Thanks to you i will have some work this weekend:laugh: to get heater out and check controller.these controllers is not for sale on they own? are they? If i would find any blown resistors is it possible to replace them,they look very small form factor to me from photo you provided.so i would guess you cant re-solder them.

i will go now to check the radio options.


----------



## [email protected] Parts (Nov 27, 2006)

Pssst Oven timer and relay.

Ding!


----------



## RichardSEL (Apr 5, 2010)

If you find a resistor that's blown then don't remove and solder to the PCB, cut the ends of the blown and solder your replacement to the old component's lead stubs

My closest spares dept. (Beadles, Dartford) are very helpful, and will tell whether the board's available as a seperate item, and even handout an ETKA photocopy. But have found not all are.

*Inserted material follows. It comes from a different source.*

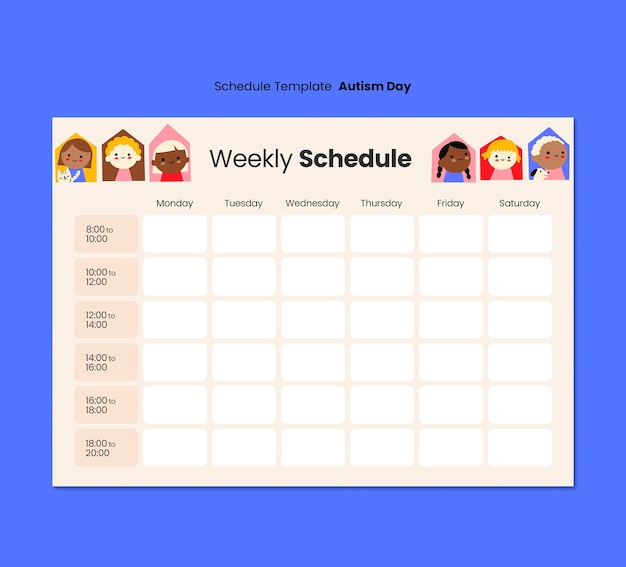 PSD 自閉症デー祝賀スケジュールテンプレート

Havn't done the Ruskie mod as that car was sold before being asked to do the PCB job, but still kept the pix and stuff.
Doing this could avoid the £273. OTOH if you want the Aux Heat facility and plan to keep the car then it's a necessary outlay

Have just seen what Glass's Guide gives for my '06MY for fully comprehensive insurance total replacement -- given that I've got it (at last) going as I want it, just can't get a replacement with all these goodies at that price or even near it. So it's a keeper and a gamble that I've no major outlays to come. Your value call...


----------



## N3RO (Nov 24, 2013)

RichardSEL said:


> If you find a resistor that's blown then don't remove and solder to the PCB, cut the ends of the blown and solder your replacement to the old component's lead stubs
> 
> My closest spares dept. (Beadles, Dartford) are very helpful, and will tell whether the board's available as a seperate item, and even handout an ETKA photocopy. But have found not all are.
> 
> ...


hi,
Finally got angry and taken out the heater at night and in the rain,lol.. it wasnt easy as its obstructed with piece of plastic that holds the glove box compartment.
Checked the resistors according to bands it supposed to be 3 resistors 62 ohms and 2 resistors 10 Ohms,and its spot on.so know im totally confused where the problem may be.











another problem i had yesterday and today is engine light came on on the way to work,scan bellow...

Tuesday,17,December,2013,17:22:32:05205
VCDS Version: Release 12.12.0 (x64)

Address 01: Engine Labels: None
Control Module Part Number: 03G 906 016 M HW: 028 101 161 7
Component and/or Version: R4 2,0L EDC 0000SG 6039
Software Coding: 0000071
Work Shop Code: WSC 00000 028 00001
VCID: 2D51FAB4B4056B760F5-8078
1 Fault Found:

16502 - Engine Coolant Temp. Sensor (G62) 
P0118 - 000 - Signal too High - Intermittent
Freeze Frame:
RPM: 1155 /min
Torque: 56.0 Nm
Speed: 24.0 km/h
Load: 12.5 %
Voltage: 14.14 V
Bin. Bits: 11000100
Temperature: 0.0°C
Temperature: 28.8°C


Readiness: 1 1 0 0 0 

probably i should change this as i heard that they are common to go faulty and cause all sorts of misbehaving.


----------